To overcome the low modulus and low maximum service temperature of polypropylene (PP) and ethylene-propylene-diene monomer (EPDM) blends, incorporation of talc into blend have been considered. In this study, the effect of various mixing methods of morphological behavior and mechanical properties of PP/EPDM/talc compound were investigated. Samples were prepared by different methods in internal mixer and co-rotating twin-screw extruder. It was found, the tensile properties were not affected by applying different mixing methods.The highest impact resistance was related to sample which had pre-blending on two roll mills and finally mixed in the internal mixer. Scanning electron microscopy (SEM) micrographs showed that the rubber dispersed morphology for all samples and the finest morphology was related to sample with the highest impact resistance. Because of pre-blending of EPDM/talc on two roll mills, this sample showed the best dispersion and distribution of talc.

Keywords

Polypropylene EPDM mixing SEM morphology

Introduction

The growing interest in using of thermoplastic elastomers based on polypropylene (PP) and ethylene-propylene-diene monomer (EPDM) in automotive, structure and cosmetic industries are mainly due to their advantages such as low density, high impact resistance, good chemical resistance and low cost. PP is one of the most favorable thermoplastic polymers that has many prominent properties, but the fairly poor hardness at low temperature limits its application fields.^1-4 Thermoplastic elastomers are normally used to harden PP.^5,6 EPDM is an effective material because of its high resistance to oxidation.^7,8 there is a large body publication which describes the mechanical properties, morphology and rheology of these blends.^9-17

However, some limitations in using of this blend are low modulus and low service temperature. To compensate these defects, incorporation of lignocellulosic filler, mineral filler and high-density polyethylene have been considered by researchers.^18-23 Liang et al.²⁴ investigated the effect of pretreatment and concentration of glass bead on the tensile properties of PP/EPDM/glass bead compounds and reported that the elastic modulus increased while yield stress and tensile fracture strength of the composite decreased. Siriwardena et al.²⁵ used the rice husk as a natural filler in PP/EPDM blend and studied the effect of mixing sequence (five methods) on the properties of final compound.The mechanical properties of such ternary composites strongly depend on their composition, characterization of the components, the phase morphology, and in particular relative dispersion of additive components. In the ternary composites containing elastomer and rigid fillers, two different types in phase microstructure may occur, where elastomer and filler particles are dispersed separately on the PP matrix or the rubber encapsulates fillers particles, resulting in a low modulus interlayer between matrix and filler.^26-32 Among the natural and mineral fillers, due to low cost, appropriate reinforcing efficiency and service temperature, talc is a good option for using in PP/EPDM compound. Oksuz et al.³³ studied the effect of concentration of talc on the mechanical, microstructural and thermal properties of PP/EPDM/talc. It was found that elastic modulus increased as the talc content increased up to 9%. Michel et al.³⁴ replaced the ethylene-octane copolymer with EPDM in PP/EPDM/talc and studied the performance of this compound. Using ethylene-octane copolymer in ternary composites provided a significant improvement in impact resistance. They also examine the effect of compounding conditions and composition on the properties of talc/ethylene-octane copolymer/PP compounds. They evaluated the effect of aforesaid parameters in terms of the mechanical properties, filler and copolymer dispersion and polymer matrix degradation during twin-screw processing. Pinto and Bonse³⁵ investigated the effect of paraffinic and plant-made plastic on the mechanical and thermal properties of sawdust. Inácio et al.³⁶ investigated the mechanical and thermal properties of bamboo fiber amplified talc filled PP/EPDM composites.

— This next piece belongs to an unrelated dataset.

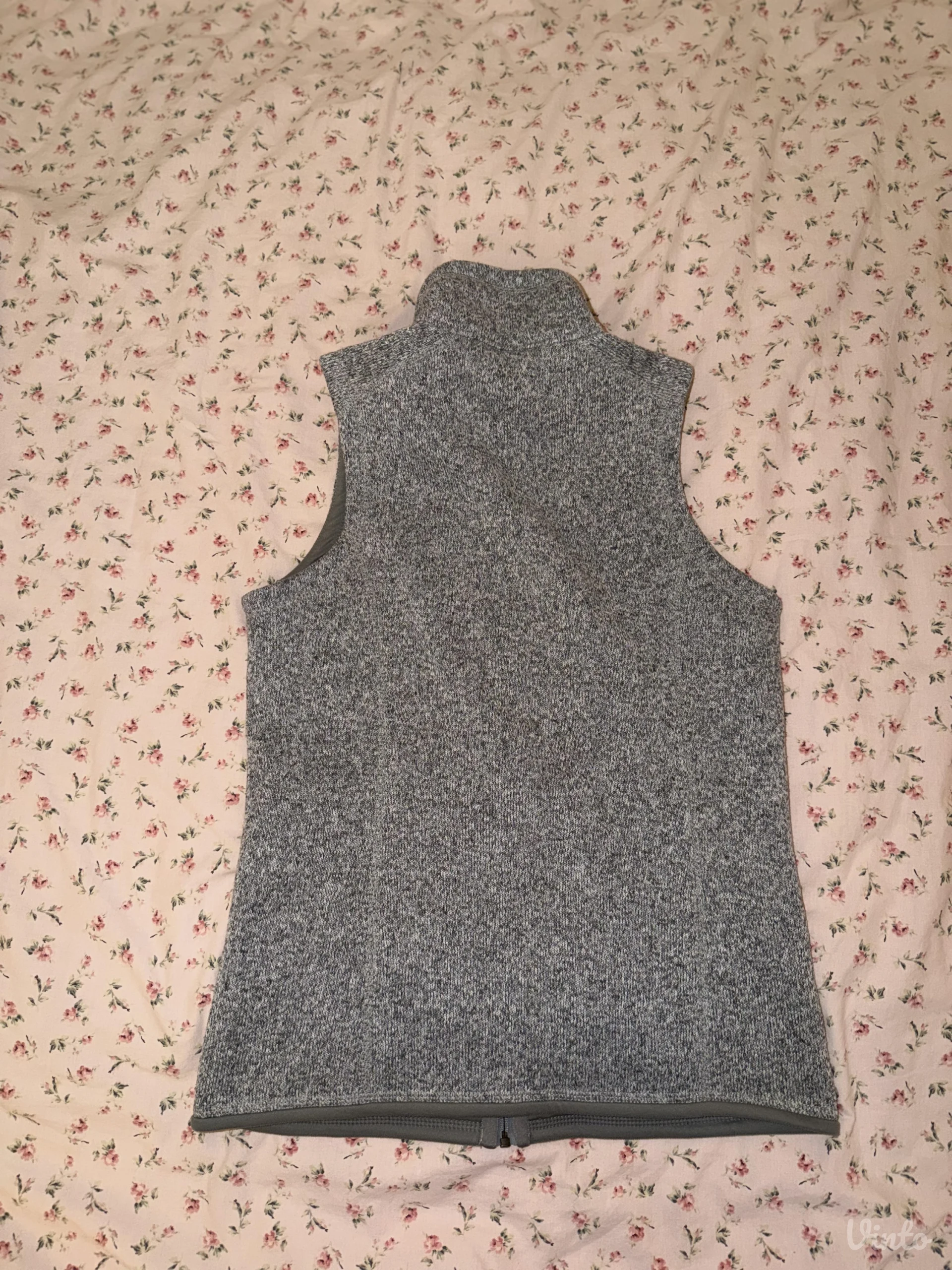 Patagonia Better Sweater Vest – siva XS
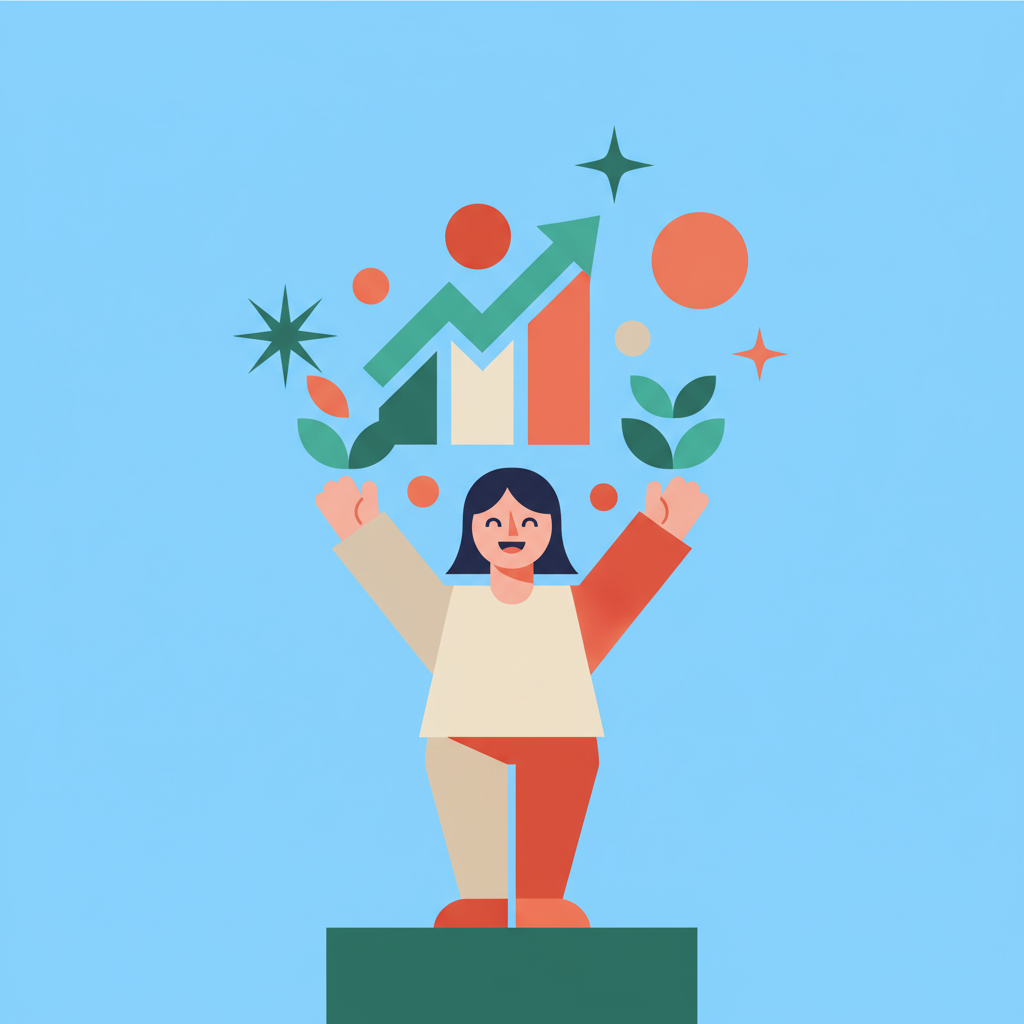 Achieve Sustained Prosperity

In this research, the manner and order of mixing the components of the materials for making alloys have been investigated. In the previous published articles, the study of mixing process and the order of mixing, which determines the proper method of mixing, has been neglected and less attention has been paid to it. Here, we emphasized the mixing process and the order of mixing. So, the results of this research can be used in the industrial scale works with the lowest cost and highest efficiency. Also, the various mixing sequences were applied on PP/EPDM/talc in co-rotating twin-screw extruder and internal mixer, then their effect were evaluated by studying their mechanical properties and microstructure of samples. Due to the fact that the purpose was to determine the appropriate sequence and manner to add materials to each other for that the results could be used by craftsmen, in this work, the expected results were obtained.

Experimental

Materials

In alloying processes, the parameters of temperature and revolutions per minute (rpm) are the main parameters that must be optimumed to obtain the optimal conditions for the production of materials. Optimal temperature and rpm based on previous work and experience has been applied to determine the optimal sequence and manner of adding materials.^35,37-39

PP purchased from Hysung Co. Korea with J 740 trade names (MFI = 25 g/10 min, 2.16 kg, 230°C) and EPDM from DSM Co. Netherland with keltan 2340A trade name (ML (1 + 4) at 125°C: 25, ethylene content: 53 weight%). The average particle size of talc was 3.96 microns (ET1).

Sample preparation

All samples were produced with 77/18/5: PP/EPDM/talc weight ratio. In general, in this research, each result value reported was an average of 5–10 measurements, where the maximum deviations from the average value were always less than 0.5%. A Haake Internal mixer (model HBISYS90, USA), single-screw extruder (L/D = 24, D = 19 mm), a laboratory twin-screw extruder (co-rotating-diameter of screw D = 20 mm, L/D = 40) Brabender Co. Model TSE 20 (Germany) and two roll mill (model polymix 200 L, England) were used for producing the sample with different mixing sequence addition listed below:

HPTE: This compound was prepared in Haake internal mixer. As the mixing chamber attained the set temperature, in zero time; PP was charged and allowed to soften for 4 min. The talc powder was then added and allowed to mix for 2.5 min followed by the adding of EPDM. Mixing was continued until a constant torque was recorded. The mixing temperature and rotational speed were 180°C and 80 rpm, respectively.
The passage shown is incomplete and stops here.